Shultz’s crimes are too numerous to attempt a thorough listing, but he was one of the main architects of the contra terrorist war against Nicaragua and the overall Reagan policy of backing military torture regimes throughout Latin America. He also had dealings with Saddam Hussein during the period when the Reagan administration tacitly backed the Iraqi regime as a counterweight to Iran.
Baker is a Bush family retainer—playing a lead role in the theft of the 2000 presidential election—and was secretary of state during the first US war against Iraq, in 1991, as well as the US invasion of Panama and occupation of Somalia.
Frank Carlucci was defense secretary for the last year of the Reagan administration, after a long national security career that included engineering the assassination of Congolese leader Patrice Lumumba.

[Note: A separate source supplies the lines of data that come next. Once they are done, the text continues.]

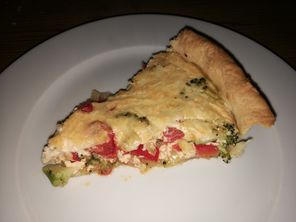 Tarte mit Brokkoli und Paprika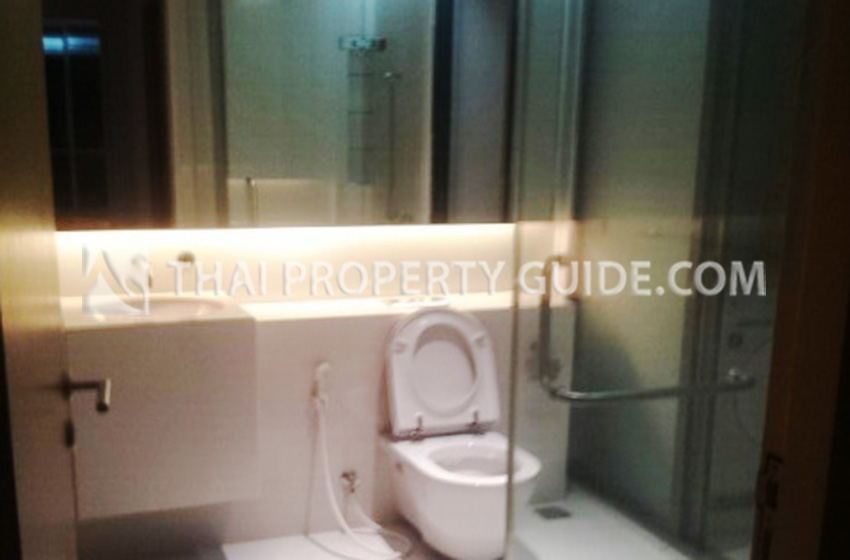 Condominium in Sukhumvit : Domus Condo Suk 16 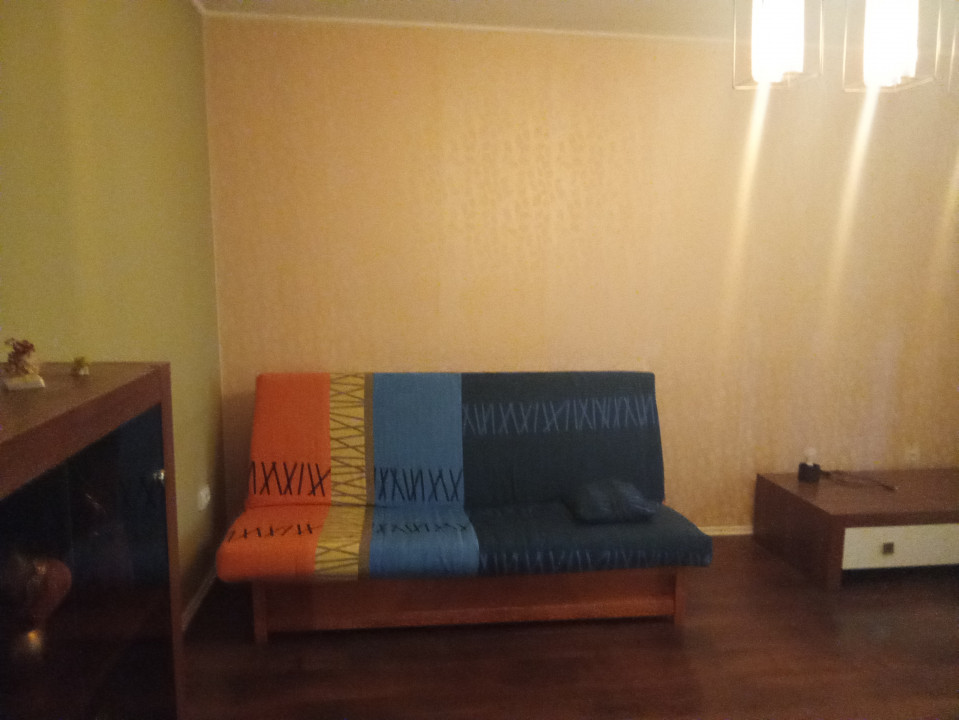 Apartament 4 camere,Bloc reabilitat ,Decebal, Str. Splaiul Crisanei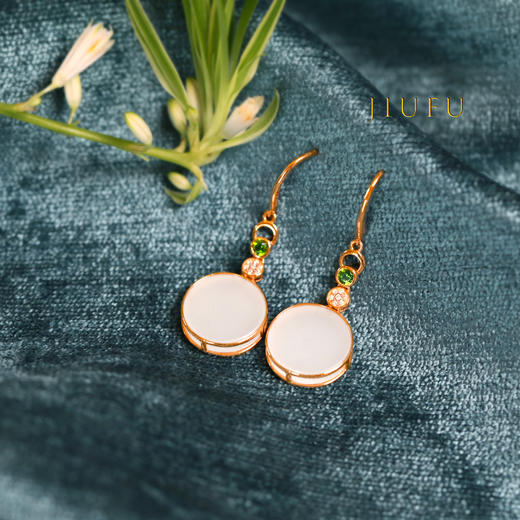 18K玫瑰金和田玉（白玉）镶钻耳饰--花好月圆  /小圆牌12*3.2mm/总长36mm 商品图3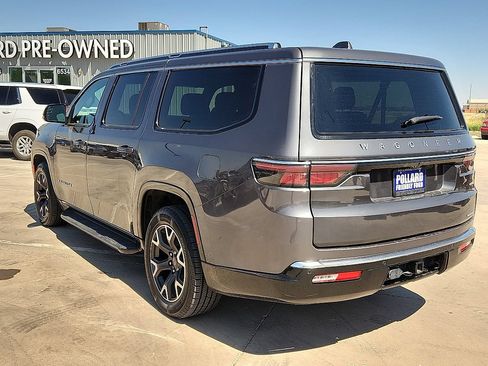 Used 2023 Jeep Wagoneer L Series III RWD image 3
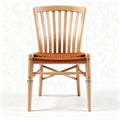 Houten eetstoel met leren zitting en afmetingen 45 x 45 x 85cm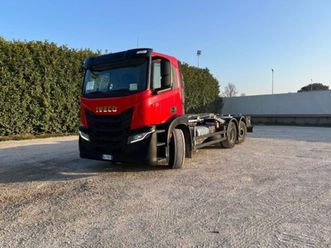 other iveco x-way ad260 nuovo targato scarrabile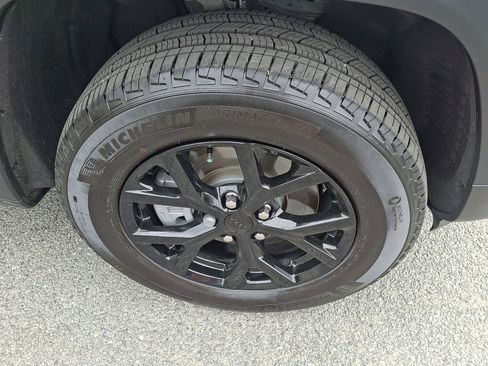 Used 2024 Jeep Grand Cherokee L Altitude image 9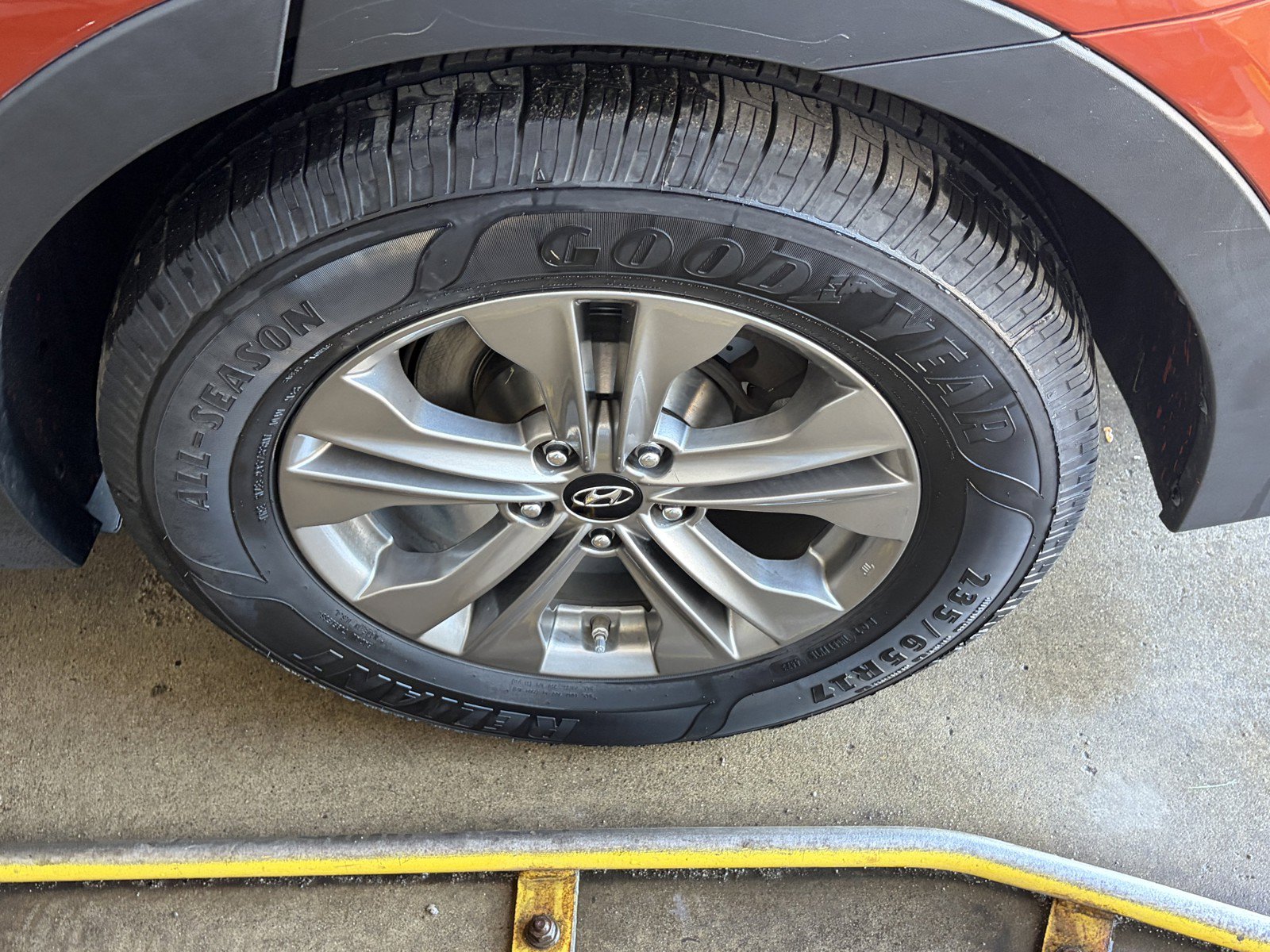 Used 2015 Hyundai Santa Fe Sport AWD/4WD image 30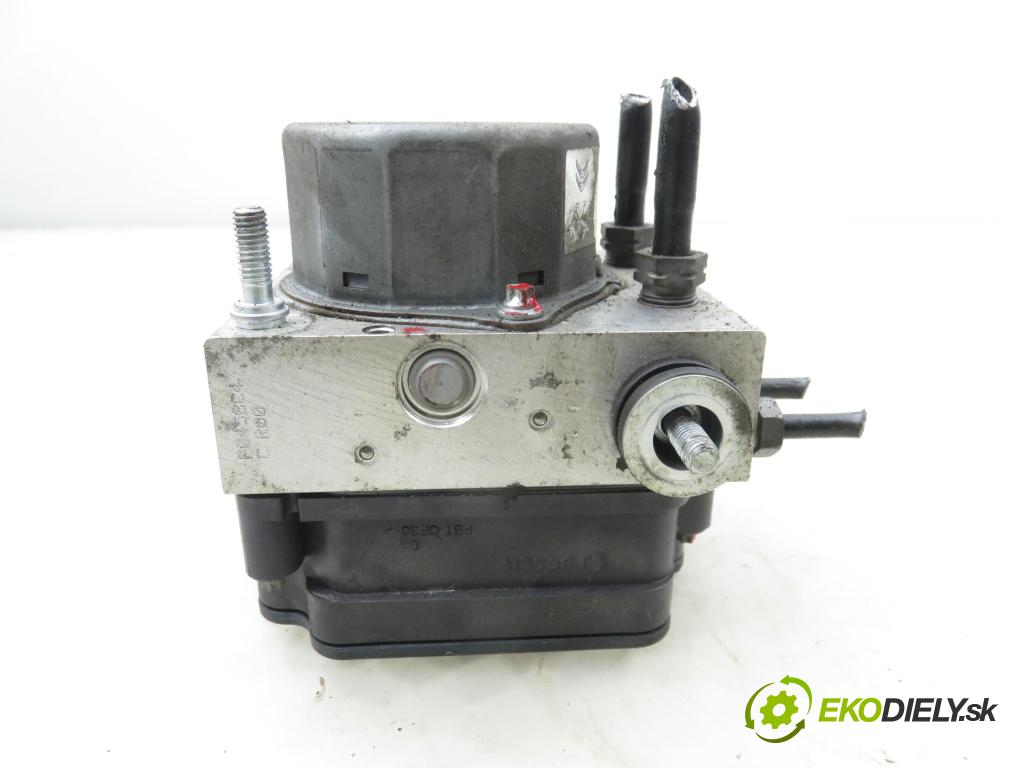 PEUGEOT 308 SW II KOMBI 2015 73,00 1.6 BlueHDi 100 - BHY (DV6FD) 1560,00 pumpa ABS 0265956062 ; 9811708480 ; 9805825380 (Pumpa ABS)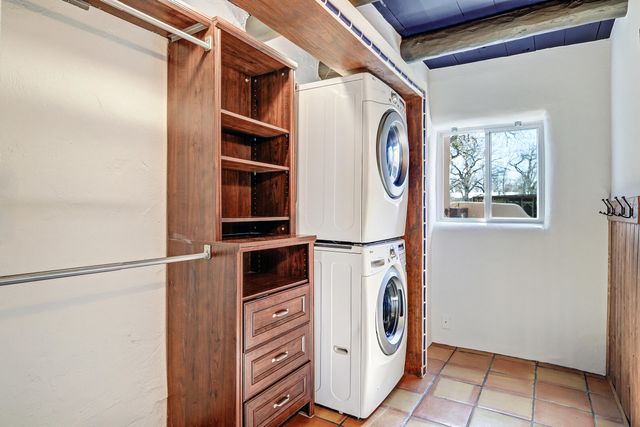 373 Bosque Acres Road, Corrales, NM 87048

The Clinton administration, in which Perry, Cohen and Albright served, maintained the US embargo of Iraq and the deployment of thousands of US troops in the region, begun under the first Bush administration. Clinton authorized repeated bombing attacks on Iraq and, at one point, early in 1998, Albright and Cohen attempted, in public appearances with national security adviser Samuel Berger, to whip up public support for more substantial US military action against Baghdad.
The political debacle of these efforts led the advocates of war with Iraq to organize themselves in the neo-conservative Project for a New American Century and await the installation of a new administration, under George W. Bush, and a suitable pretext, provided by September 11, 2001, to achieve their goal.
It is doubtful that the White House spin-doctors were aware of it, but Thursday’s meeting had its historical parallel in the Vietnam War era. The differences outweigh the similarities, however, and demonstrate the profound decay of both the political institutions and personnel of the American national security establishment.
On March 25-26, 1968, newly installed defense secretary Clark Clifford convened a meeting of what were sometimes called the “wise men,” a group of former top national security officials of the Roosevelt, Truman and Eisenhower administrations, to discuss the deepening US debacle in Vietnam. The consensus among these former officials was for a rapid change in course, and they conveyed this to President Lyndon Johnson in a private meeting at the White House. Five days later, Johnson startled the country by announcing he was withdrawing as a candidate for reelection and would attempt to achieve a negotiated end to the war.
Some 38 years later, a similar group is assembled, not to tell a president some bitter truths about a strategic disaster, but to listen to administration happy talk and allow themselves to be photographed with a president whose ignorance and duplicity they certainly recognize. After this degrading spectacle, the current crop of “wise men” dispersed ignominiously.
As Marx said so well, echoing Hegel, “History repeats itself, the first time as tragedy, the second time as farce.”